[[ Records to process open ]]

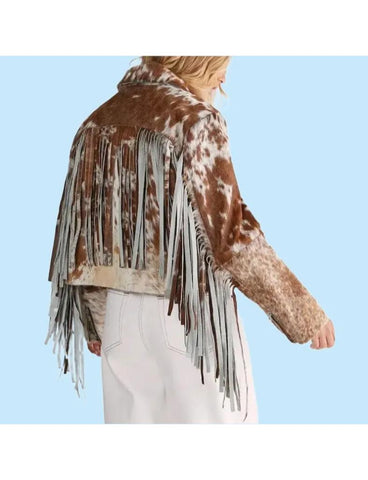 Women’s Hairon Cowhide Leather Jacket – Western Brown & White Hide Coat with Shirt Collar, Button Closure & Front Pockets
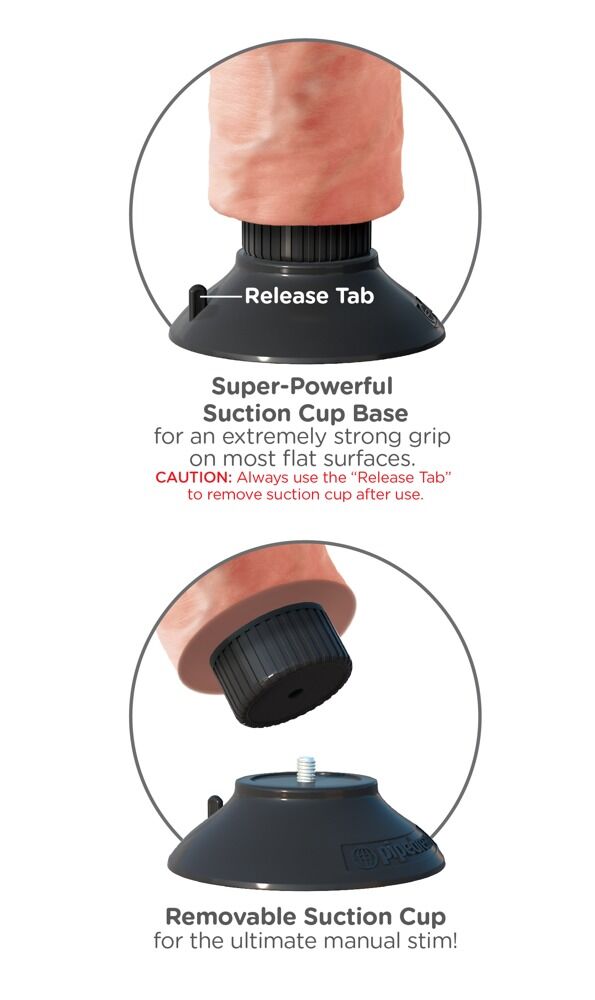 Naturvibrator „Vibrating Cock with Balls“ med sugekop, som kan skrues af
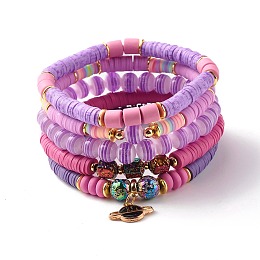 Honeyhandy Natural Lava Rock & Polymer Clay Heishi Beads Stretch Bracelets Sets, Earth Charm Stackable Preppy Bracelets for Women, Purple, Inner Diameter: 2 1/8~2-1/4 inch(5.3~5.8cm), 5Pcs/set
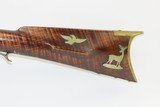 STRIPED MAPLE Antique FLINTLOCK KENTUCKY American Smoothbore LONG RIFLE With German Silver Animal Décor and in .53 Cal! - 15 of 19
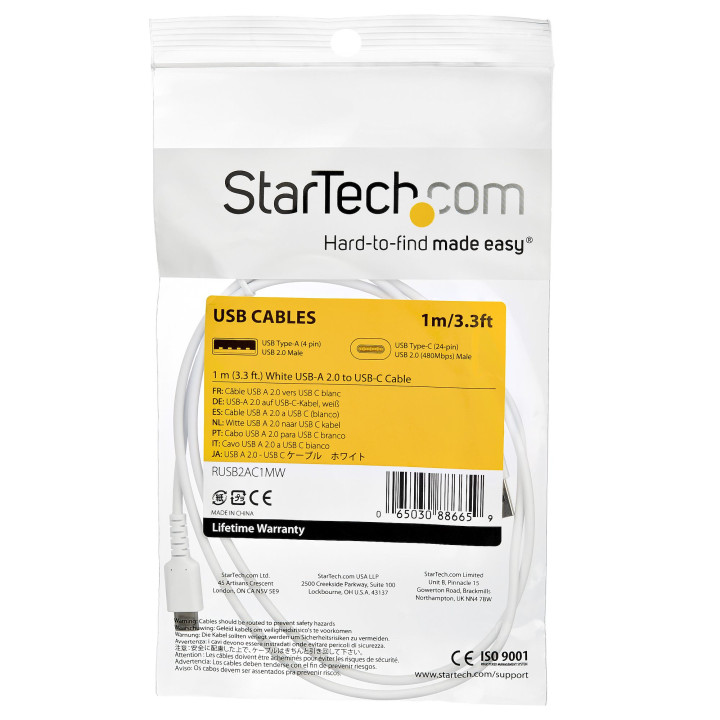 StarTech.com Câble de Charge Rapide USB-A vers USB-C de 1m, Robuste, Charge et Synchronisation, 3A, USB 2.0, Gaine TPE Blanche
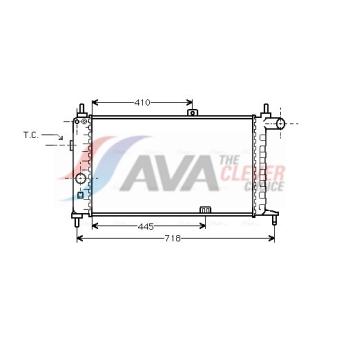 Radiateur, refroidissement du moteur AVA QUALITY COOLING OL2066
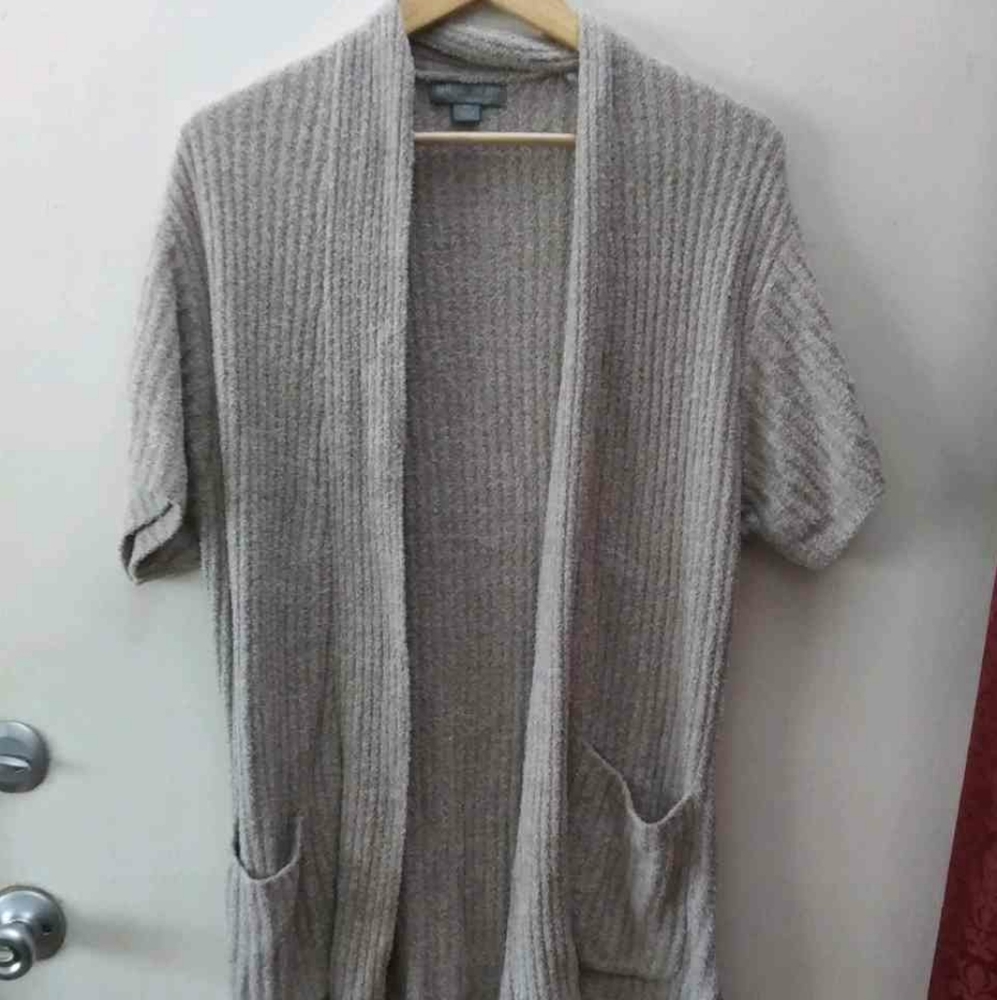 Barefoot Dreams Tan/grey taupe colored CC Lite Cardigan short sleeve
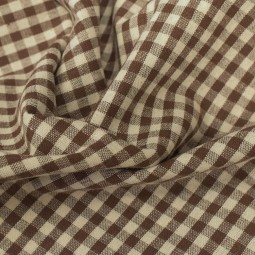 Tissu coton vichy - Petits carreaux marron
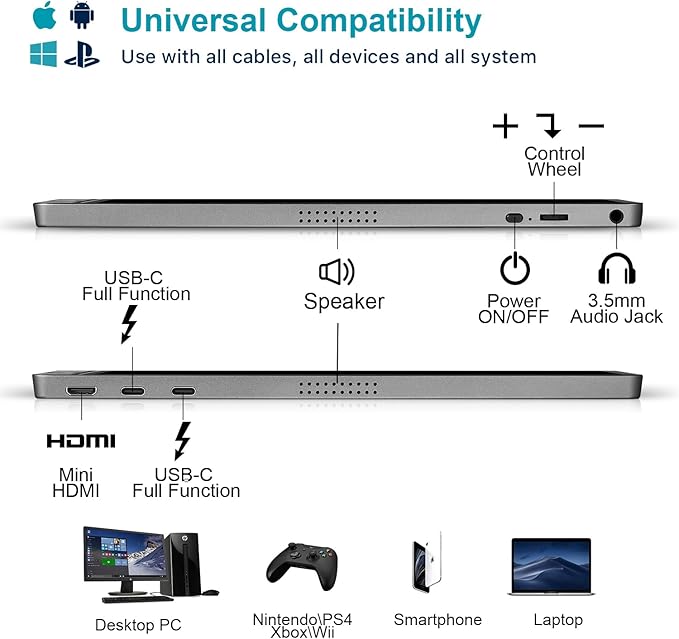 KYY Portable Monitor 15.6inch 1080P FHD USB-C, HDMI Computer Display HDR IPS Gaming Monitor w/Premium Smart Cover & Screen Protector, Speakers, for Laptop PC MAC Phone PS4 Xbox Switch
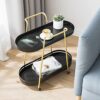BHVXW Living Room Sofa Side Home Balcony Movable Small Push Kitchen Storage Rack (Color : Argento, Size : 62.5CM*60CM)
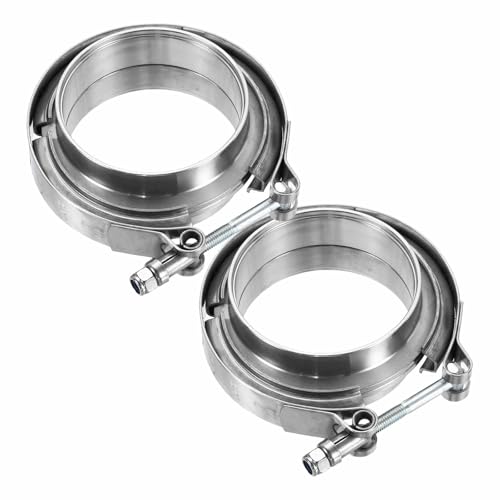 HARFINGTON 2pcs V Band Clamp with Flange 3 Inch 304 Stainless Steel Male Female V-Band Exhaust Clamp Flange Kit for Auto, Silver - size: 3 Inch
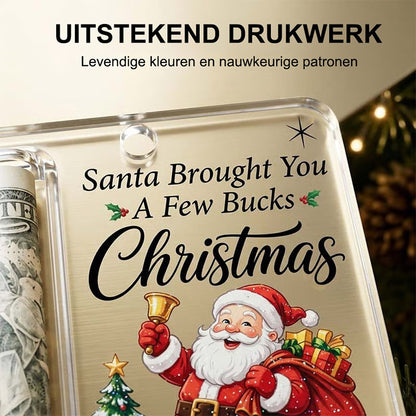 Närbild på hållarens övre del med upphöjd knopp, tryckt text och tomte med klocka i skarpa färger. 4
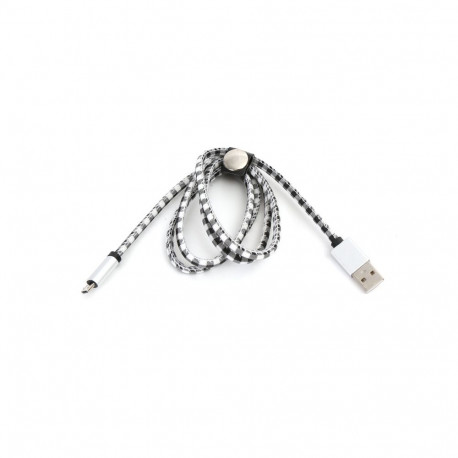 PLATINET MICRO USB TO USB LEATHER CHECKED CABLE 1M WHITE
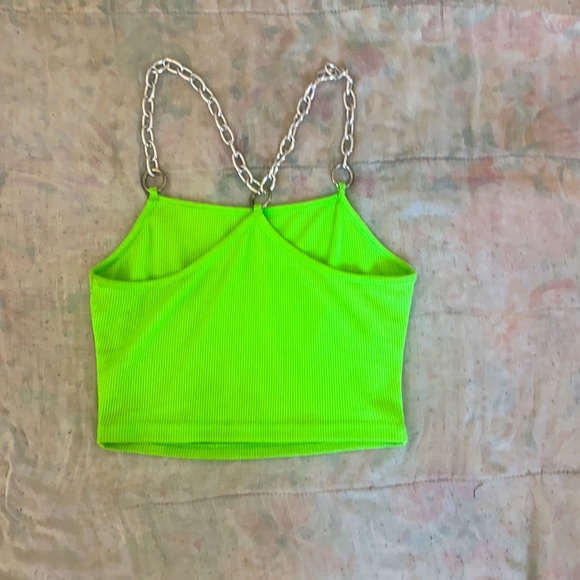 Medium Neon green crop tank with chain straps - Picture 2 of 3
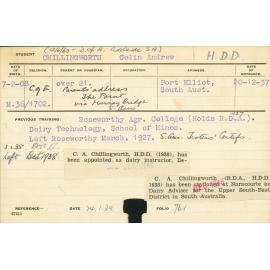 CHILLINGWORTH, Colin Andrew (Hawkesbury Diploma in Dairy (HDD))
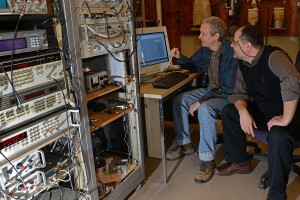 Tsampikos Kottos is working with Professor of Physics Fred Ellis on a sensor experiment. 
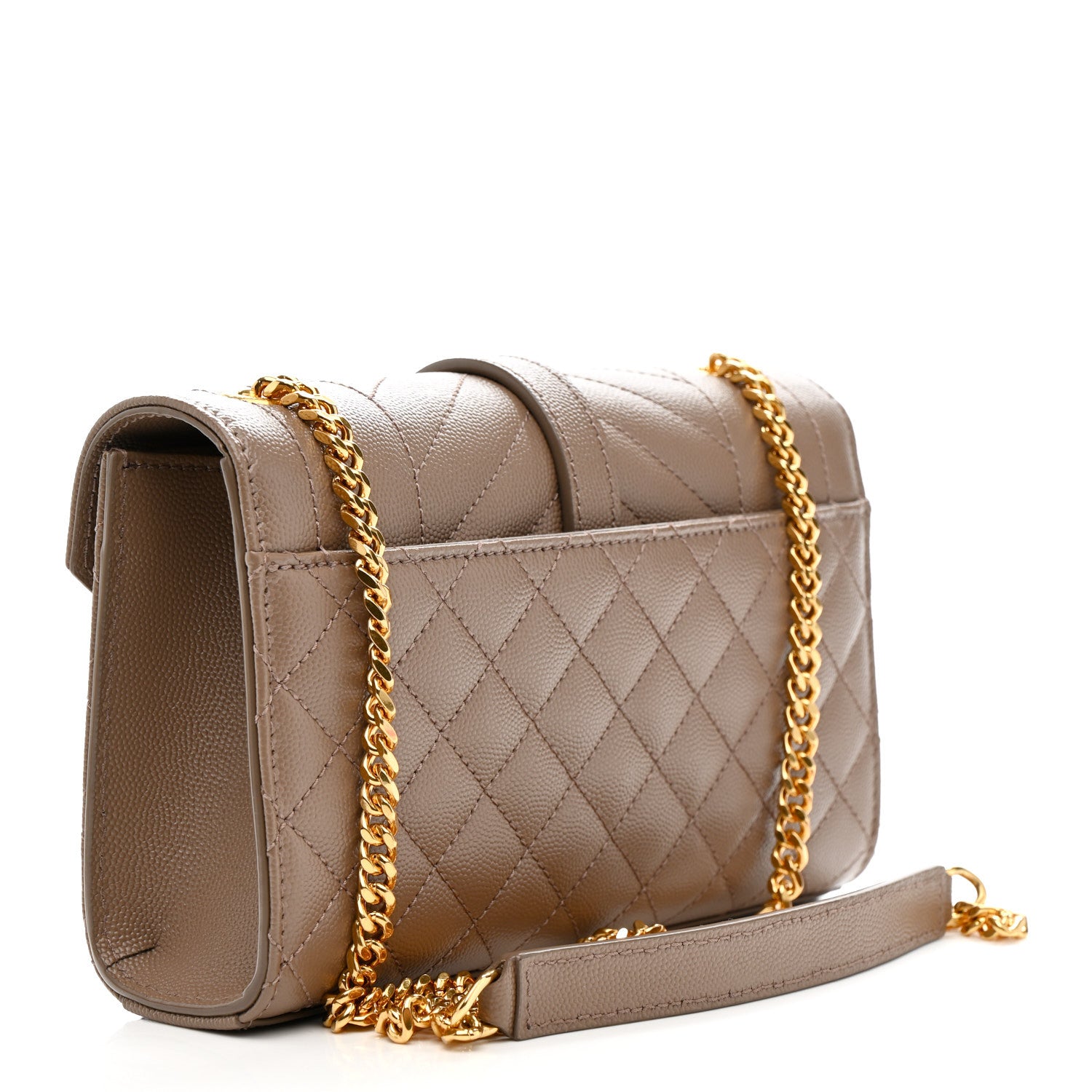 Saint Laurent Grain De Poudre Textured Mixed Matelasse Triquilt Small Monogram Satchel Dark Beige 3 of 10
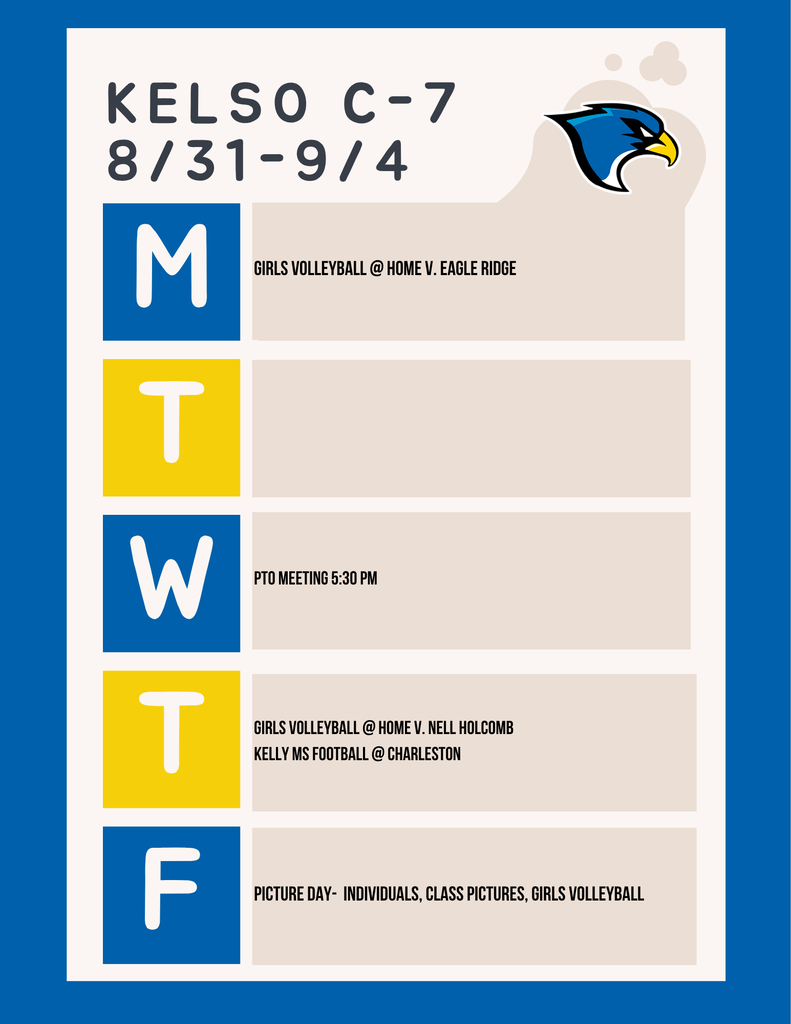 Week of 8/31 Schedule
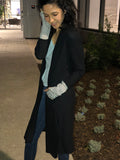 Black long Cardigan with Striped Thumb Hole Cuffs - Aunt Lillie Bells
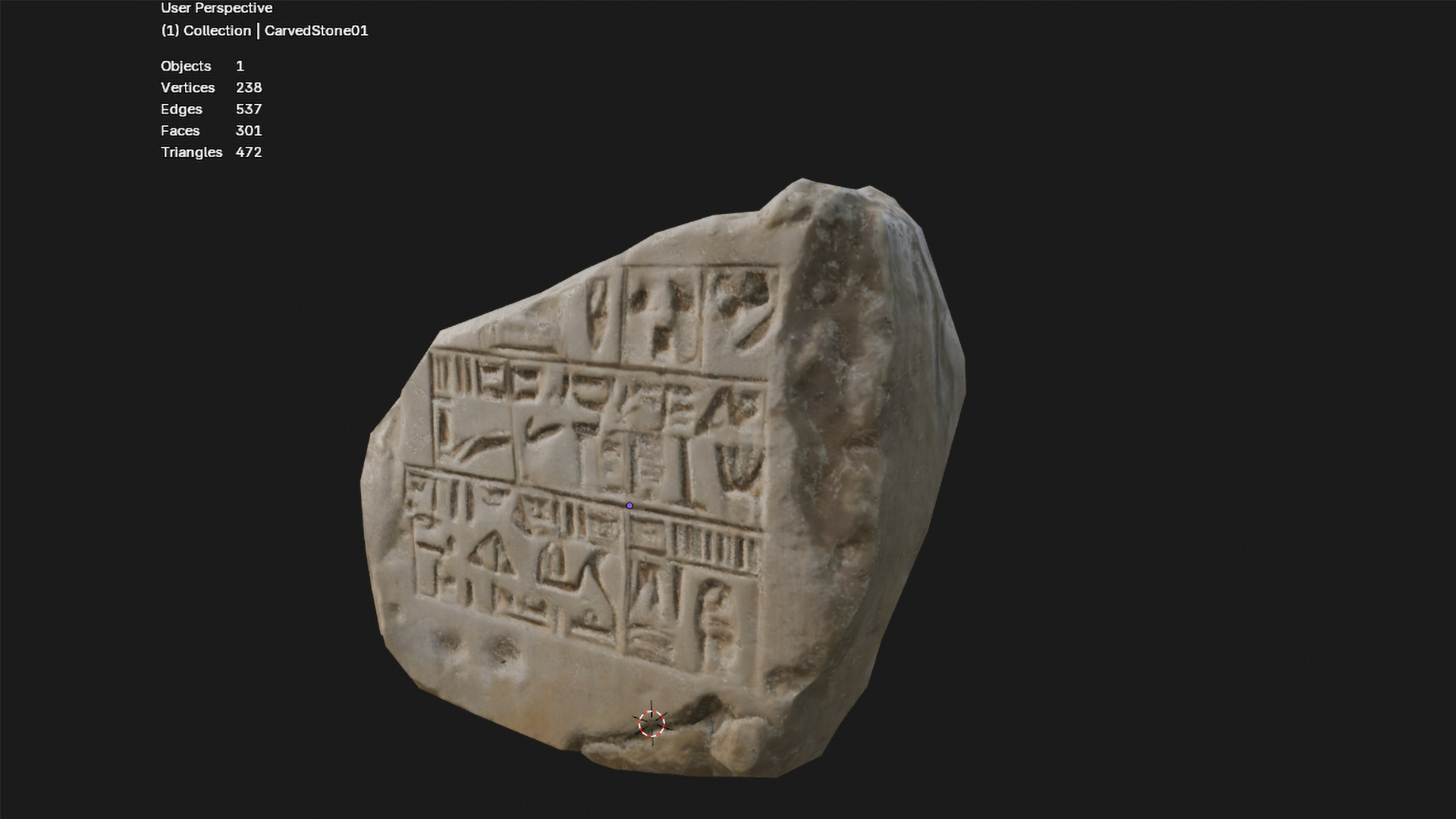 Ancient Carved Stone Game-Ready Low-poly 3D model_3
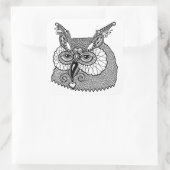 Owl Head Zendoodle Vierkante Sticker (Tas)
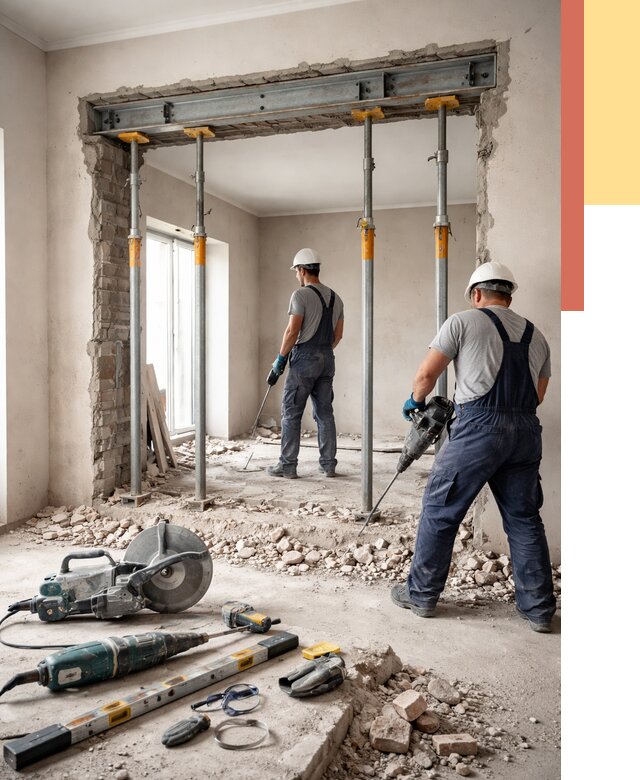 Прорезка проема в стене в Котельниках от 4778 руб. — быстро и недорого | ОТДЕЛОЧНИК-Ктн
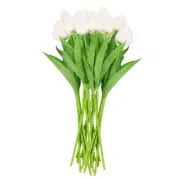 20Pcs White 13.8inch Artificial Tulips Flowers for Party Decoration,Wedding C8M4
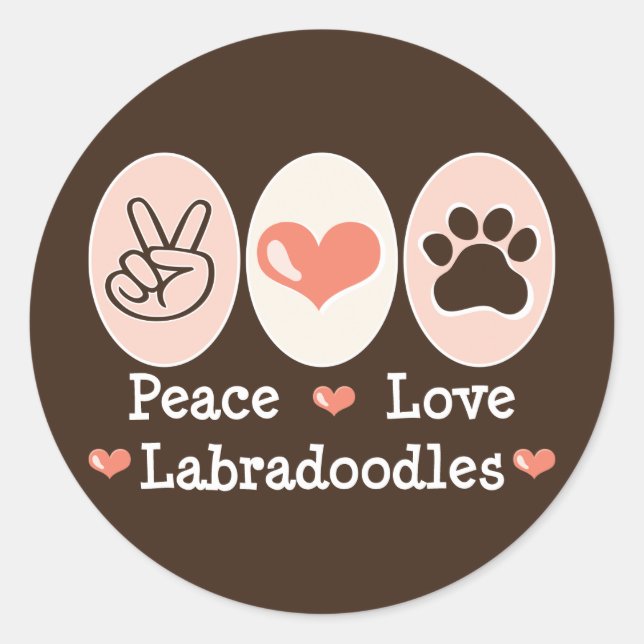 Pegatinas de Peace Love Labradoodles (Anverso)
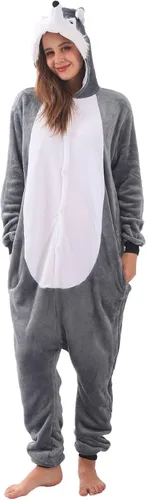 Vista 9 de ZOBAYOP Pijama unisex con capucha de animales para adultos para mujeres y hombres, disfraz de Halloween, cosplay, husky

[[ Records to process closed ]]

What you need to do :: Retype only the lines above from the one with "KYY Portable Monitor" through the one with "CHILLINGWORTH, Colin Andrew", exactly and with both ends. Images stay out.

Your response ::
 KYY Portable Monitor 15.6inch 1080P FHD USB-C, HDMI Computer Display HDR IPS Gaming Monitor w/Premium Smart Cover & Screen Protector, Speakers, for Laptop PC MAC Phone PS4 Xbox Switch
BHVXW Living Room Sofa Side Home Balcony Movable Small Push Kitchen Storage Rack (Color : Argento, Size : 62.5CM*60CM)
 HARFINGTON 2pcs V Band Clamp with Flange 3 Inch 304 Stainless Steel Male Female V-Band Exhaust Clamp Flange Kit for Auto, Silver - size: 3 Inch
 Närbild på hållarens övre del med upphöjd knopp, tryckt text och tomte med klocka i skarpa färger. 4
 PLATINET MICRO USB TO USB LEATHER CHECKED CABLE 1M WHITE
 Medium Neon green crop tank with chain straps - Picture 2 of 3
 CHILLINGWORTH, Colin Andrew (Hawkesbury Diploma in Dairy (HDD))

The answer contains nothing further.